Our pastor had talked about the rhythm of spiritual life, how it’s an endless cycle of messing up and repentance and restoration and there’s not, this side of eternity, a moment at which we reach a finish line–all done with screwing up!–but that it’s over and over, day after day, and anyone expecting differently has the wrong idea. And in these early days of summer, I think about that rhythm–how it can feel monotonous, frustrating. Or how it can be the basis for a new song. Our schedule changed, both boys with me, and TK and I struggle to deal with a routine upended. I take him to the barn in the morning now, and he fought it–this is not our usual time! Then we arrived, and he got on the horse, and the gait became a rhythm he recognized. I heard his therapist talking to one of her students: “When he started, he couldn’t do any of that.” I sat on the bench where I always sit, but the light fell differently this time of day. The same, but different.
We went to the doctor for a checkup later and what used to be soaked in tears–listening to chest and peering inside ears and mouth–now, he laughed through it. I cried at the same but different boy. And when I took him to get a haircut, this time without his tears too, she asked me if it was okay that she had cut it short in the back. “Did you want that scar showing?” she said. I smiled and thought of the therapist who, that morning, had admitted that when she started with him a year ago she’d thought he would never talk. “Yeah, I want it showing,” I answered her. “It’s perfect.”

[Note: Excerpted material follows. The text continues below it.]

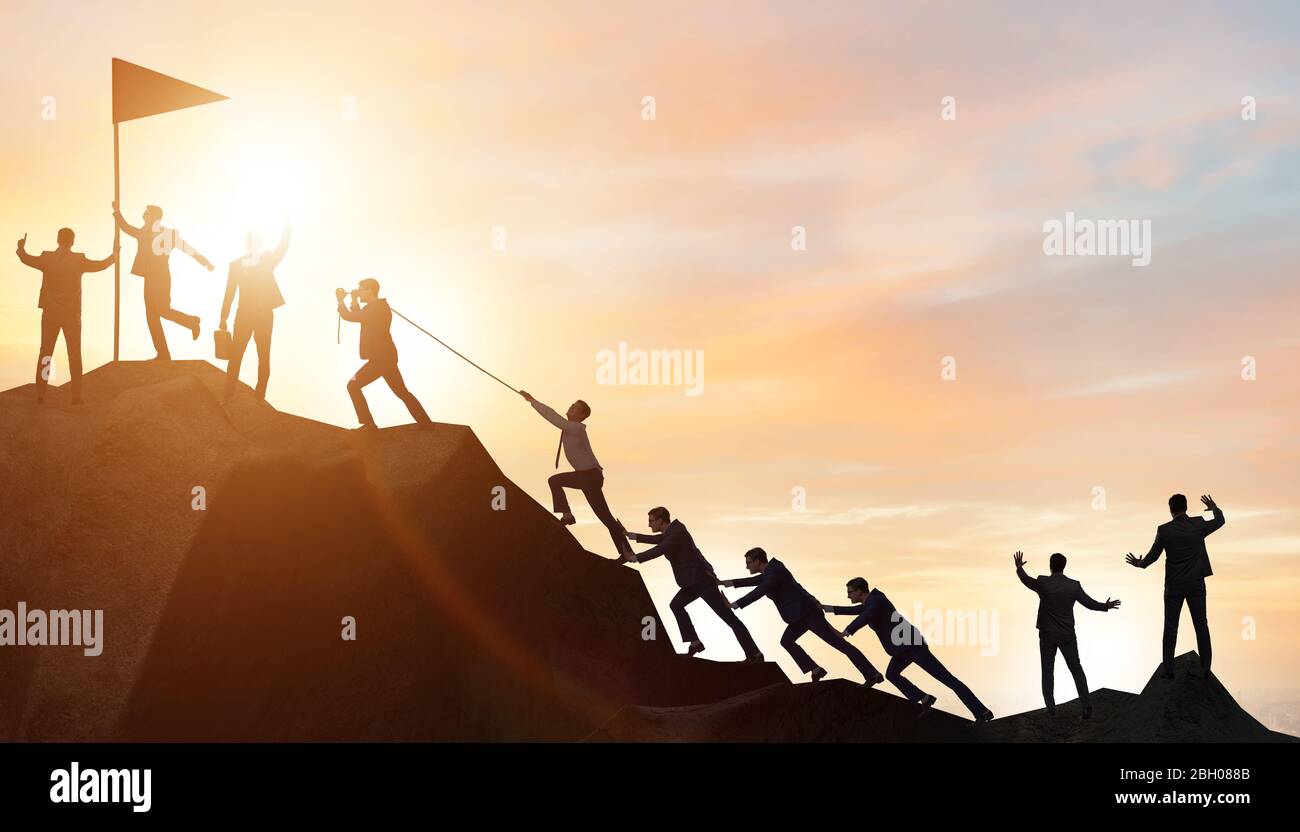 Concept of teamwork with team climbing mountain Stock Photo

2 comments on “In the Same Different Place”
First of all, it was a pleasure to watch the video of you giving your talk at the Mockingbird conference. You did a good job. For me, one of the things I like best about reading your blog, Stephanie, is the fact that you often ARE very perceptive about where the grace shows up. Your story of going to the creek with your son just choked me up. So wonderful to hear about his progress, and what God is doing in you in the midst of it all.
Interestingly, as I read this sentence from the latest entry: “That it’s making us who we’re supposed to be, knitting us together eternally, and creating a masterpiece,” what came to mind as I read just the first phrase (before I read the entire sentence) was the quote where someone asked Michelangelo how he knew when he was finished with the statue of David and his reply was that he chipped away all that wasn’t David. And then you ended with “creating a masterpiece.” God is chipping away as well.
I’m with you—although beautiful to look at, I am not a big fan of being in the Pacific Northwest and shivering at the beach in June. Give me South Florida beaches anytime.
God bless you and your family.
Thank you so much! And I have always loved that Michelangelo quote.